MIKE Harding, the “grandfather of alternative comedy” and BBC Radio 2 folk show presenter, has decided to start touring again after 15 years. Not surprisingly, tonight’s 7.30pm performance at Pocklington Arts Centre has sold out.

“I did a couple of gigs last September to October and I just enjoyed it so much I thought I’d go back out on the tour again,” says the one-time Rochdale Cowboy.

“It’s a 15-year gap, but it wasn’t a conscious choice not to do any more. But we used to do 82-night tours with nine roadies and two articulated lorries and did 2,000-seater theatres and I started to go to the Himalayas, climbing and walking, and spent three months in Pakistan and Nepal. You had to sit down and plan a big tour like I was doing and I just didn’t get around to it. I said ‘I’ll have a think about it next month’ and I didn’t.

“Then, doing a couple of little local gigs, it occurred to me that I didn’t need to tour with nine roadies and two lorries. I could just go out with the guitar in the back of the car and turn up to a gig with a suitcase and a box of CDs. That’s what I’m doing.”

Hence the tour’s title of Me, A Guitar And Some Daft Stuff, a show in which he “returns to his roots with a vengeance”, drawing on more than 40 years of material to lead the audience into his comic world of stories and songs.

Now living in Settle, he has settled on a touring schedule where the furthest north he goes will be South Shields, the furthest south, Derby. “I wanted to do tiny little theatres in the north that were between 200 to 300 seats,” says Mike. “I’m only doing it because I enjoy it, it’s not because the taxman is breathing down my neck. Most are in Yorkshire and Lancashire”
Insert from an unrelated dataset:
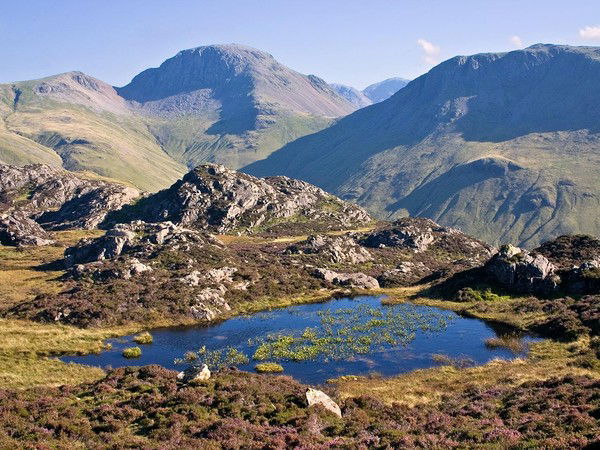 Денис Мещеряков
At 66, he is adamant he will never resume full-scale touring.

“I’ll probably do something in the autumn and another 20 nights the following spring,” he says.
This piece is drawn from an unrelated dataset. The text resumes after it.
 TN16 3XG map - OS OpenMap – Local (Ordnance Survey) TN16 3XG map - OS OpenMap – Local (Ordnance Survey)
“I’ve never had an agent or a manager, so in the past I did it all from a small office in Manchester. Now it’s all organised from my house. The lovely thing about being a small outfit is that you have a great atmosphere in a place to begin with.

The best-designed arts centres are like old theatres.

“On my last big tour I said ‘no leisure centres’ because they still smell of sweat and French chalk and the dressing room is a locker room. The architects should be taken out and flogged to death with a sweaty sock full of diarrhoea.”